### [WORK TO COMPLETE]
Drop the pictures and repeat the remaining data exactly.

### [SUPPLIED INFORMATION]
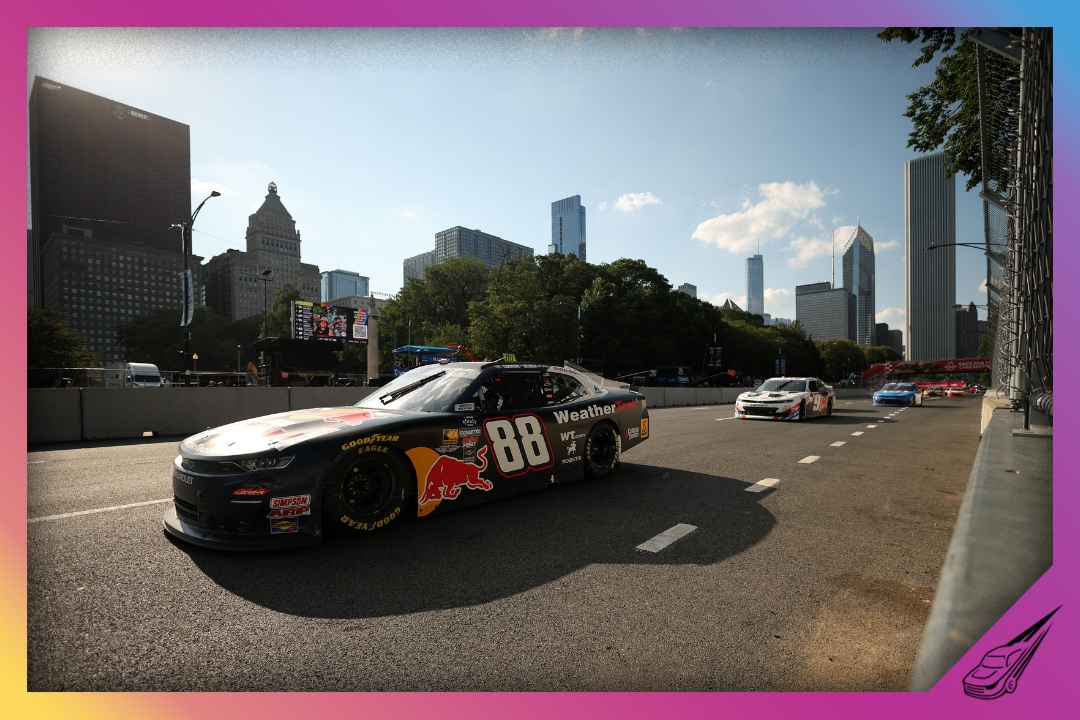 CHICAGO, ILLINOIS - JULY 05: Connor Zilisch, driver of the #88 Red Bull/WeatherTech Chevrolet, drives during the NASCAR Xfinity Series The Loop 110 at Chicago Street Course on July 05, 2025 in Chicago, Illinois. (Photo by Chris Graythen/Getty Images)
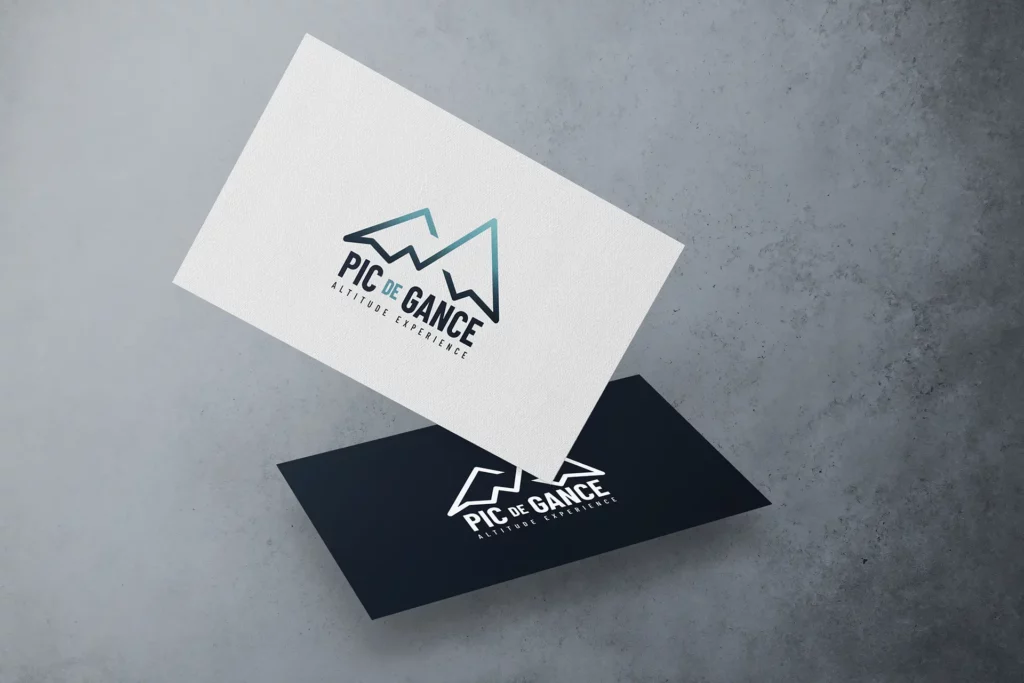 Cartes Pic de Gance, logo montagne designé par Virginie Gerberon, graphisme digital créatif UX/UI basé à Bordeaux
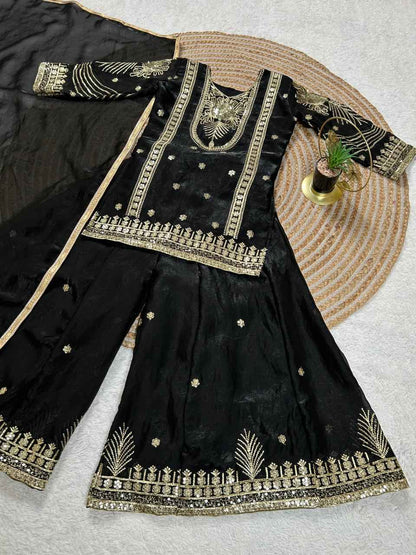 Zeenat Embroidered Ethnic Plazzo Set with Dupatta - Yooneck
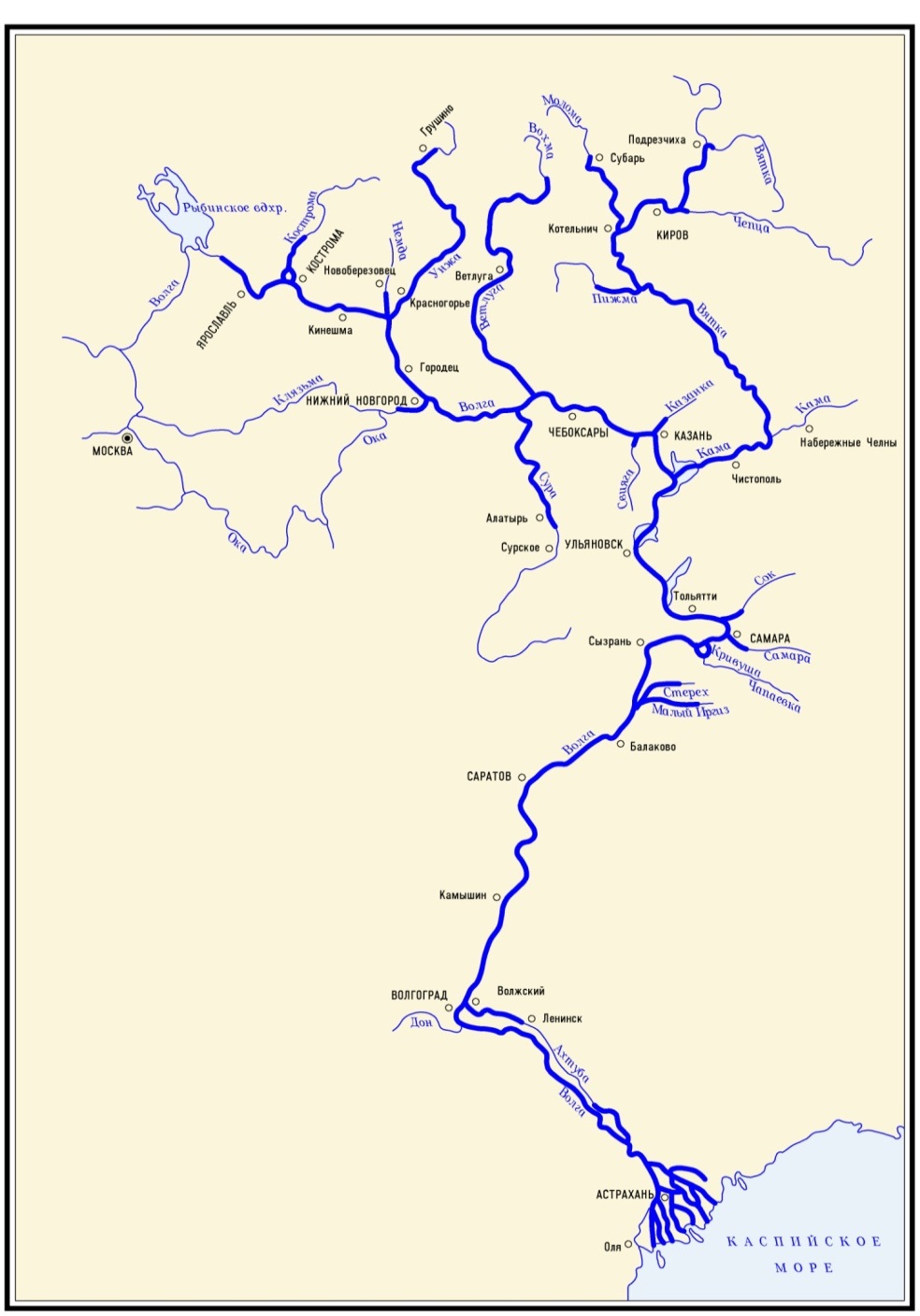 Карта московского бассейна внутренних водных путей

### [REPLY TO THE TASK]
 CHICAGO, ILLINOIS - JULY 05: Connor Zilisch, driver of the #88 Red Bull/WeatherTech Chevrolet, drives during the NASCAR Xfinity Series The Loop 110 at Chicago Street Course on July 05, 2025 in Chicago, Illinois. (Photo by Chris Graythen/Getty Images)
 Cartes Pic de Gance, logo montagne designé par Virginie Gerberon, graphisme digital créatif UX/UI basé à Bordeaux
 Zeenat Embroidered Ethnic Plazzo Set with Dupatta - Yooneck
 Карта московского бассейна внутренних водных путей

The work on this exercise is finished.